JR北海道では「単独では維持することが困難な線区」を仮に廃止しても、沿線に対して観光振興の支援を行なうことを表明しているが、「まずは地元が率先してなんらかの手を打つべきだ」と三浦さん。新十津川駅は1日1本しか列車が発着しないため、自ずと車やバスなど、他の交通手段で来てくれる人を呼び込む必要がある。その点で三浦さんは「どんなに過疎でも人の流れを絶たないことが大切」と言い切る。誰もが知る有名な土地を巡る「大きな観光」ではなく、札沼線沿線を巡るような「小さな観光」も訴求していく必要があるのではないかと力説していた。

筆者が見た限り、31年ぶりの硬券入場券発売は意外なほど大盛況に思えた。筆者が駅に来たのは、新十津川駅唯一の下り列車・5425Dが9時28分に到着した後で、その時点で配られた購入用の整理券は175番。1回あたり2枚まで購入できるから、実質的には300分の175番目ともいえ、ちょうど半分を過ぎたあたりだった。

関係者によると、実際には何回も並び直して買う人もいたので、購入者の実数は300人程度だったのではないかということだ。5425Dが満員でも100人足らずだから、明らかに札沼線以外で来た人が圧倒的多数を占めていたことになる。新十津川駅は1日の利用者数が10人以下に分類されているから、その30倍もの集客はまさに硬券入場券サマサマだ。

これまで何度も新十津川駅を訪れていたが、長蛇の列を作る群衆を見たのは記憶にない。他にも鉄道グッズや使用済みキップ、鉄道雑誌のバックナンバー(1冊30円)の販売など、マニアが喜んでお金を落としてくれる仕掛けがそこかしこにあり、これまでにない、人を呼び込む本気度が感じられた。

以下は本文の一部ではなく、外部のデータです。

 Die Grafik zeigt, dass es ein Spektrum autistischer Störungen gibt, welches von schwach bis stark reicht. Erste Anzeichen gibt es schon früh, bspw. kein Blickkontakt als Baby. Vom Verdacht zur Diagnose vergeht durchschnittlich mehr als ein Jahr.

そんな様子を見ながら「これだけ遠くから来てくれる人がいる。それに応えられることを、迅速かつ臨機応変にできれば、もっと人が集まるはず」と言う三浦さん。今回の硬券入場券復活が新十津川町のみならず、過疎に悩む北海道各地の起爆剤になってくれればと期待を述べていた。同じマニアとしては、今回の実績がJR北海道や新十津川町をさらに動かし、第2弾、第3弾とシリーズ化できるよう祈りたいものだ。